MUMBAI (Bloomberg) - India's central bank lowered interest rates for a third time this year to spur private investment, and said it'd wait to assess monsoon rains before acting again.
Governor Raghuram Rajan cut the benchmark repurchase rate to 7.25 per cent from 7.5 per cent, the Reserve Bank of India said in a statement in Mumbai on Tuesday. The move, which takes the rate to the lowest since September 2013, was predicted by 33 of 41 economists in a Bloomberg News survey. Seven saw no change and one expected a 50 basis-point cut.
While "a conservative strategy would be to wait" for more certainty on how monsoon rains will affect inflation, weak investment means "a more appropriate stance is to front-load a rate cut today and then wait for data that clarify uncertainty," Rajan said. "Meanwhile banks should pass through the sequence of rate cuts into lending rates."
The move follows China's cuts and comes just months before an expected increase in U.S. interest rates that risks triggering outflows from emerging markets. Room to ease policy may reduce if oil prices continue rising and monsoon rains are less than normal.
"There's this need to utilize the current window of low inflation and to ease rates to support what is still a weak recovery," Devika Mehndiratta, an economist at ANZ Banking Corp. in Singapore, said by phone before the decision. "Later it might not be timely enough."
Consumer prices rose 4.87 per cent in April from a year earlier, holding below Rajan's 6 per cent target for an eighth straight month. While price pressures have so far proved immune to crop damage from unseasonal rains, the weather department predicts monsoon rainfall - which waters more than half of India's farmland - will be below average this year.
Rajan said three risks are clouding the inflation outlook: the possibility of a weak monsoon, rising oil prices and a volatile external environment. Consumer prices are likely to fall until August and then start rising to about 6 percent by January 2016, Rajan said.
"The risks to the central trajectory are tilted to the upside," he said.

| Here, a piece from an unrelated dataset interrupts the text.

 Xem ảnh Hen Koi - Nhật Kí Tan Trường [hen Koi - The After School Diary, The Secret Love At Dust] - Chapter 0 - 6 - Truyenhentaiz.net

He called for strong food policy and management to keep inflation contained in the near term, while saying a rate cut will facilitate public investment that eases supply constraints and reduces inflation over the medium term.
Rajan also said a targeted infusion of bank capital into state-run commercial banks is warranted so that adequate credit flows to productive sectors.
Since food prices account for almost 50 per cent of India's CPI basket, Rajan has little scope to reduce interest rates if they aren't contained. He's also bound by a mandate to lower inflation to around 4 per cent in the next few years.
Swap traders were betting before the decision that India will cut the key rate to 7 per cent by year's end, the steepest decrease after Turkey among 14 emerging markets tracked by HSBC. The rupee has fallen about 1 per cent this year.
It's crucial for Rajan to gauge the strength of India's economy. While gross domestic product expanded 7.5 per cent in the first three months of the year, gross value added - a component of GDP watched closely by the central bank - gained 6.1 per cent versus an estimated 7 per cent.
Rajan cut the central bank's projection for output growth in the year through March 2016 to 7.6 per cent from 7.8 per cent earlier.
The latest government data show exports dropped for a fifth straight month, factory output slowed to a five-month low and bad loans at banks are estimated to rise to the highest since 2001. Domestic vehicle sales rose 1.9 per cent in April compared with a 7 per cent increase a year earlier.
"In the here and now, the Indian economy remains sluggish," Richard Iley, an economist at BNP Paribas SA, wrote in a May 27 report.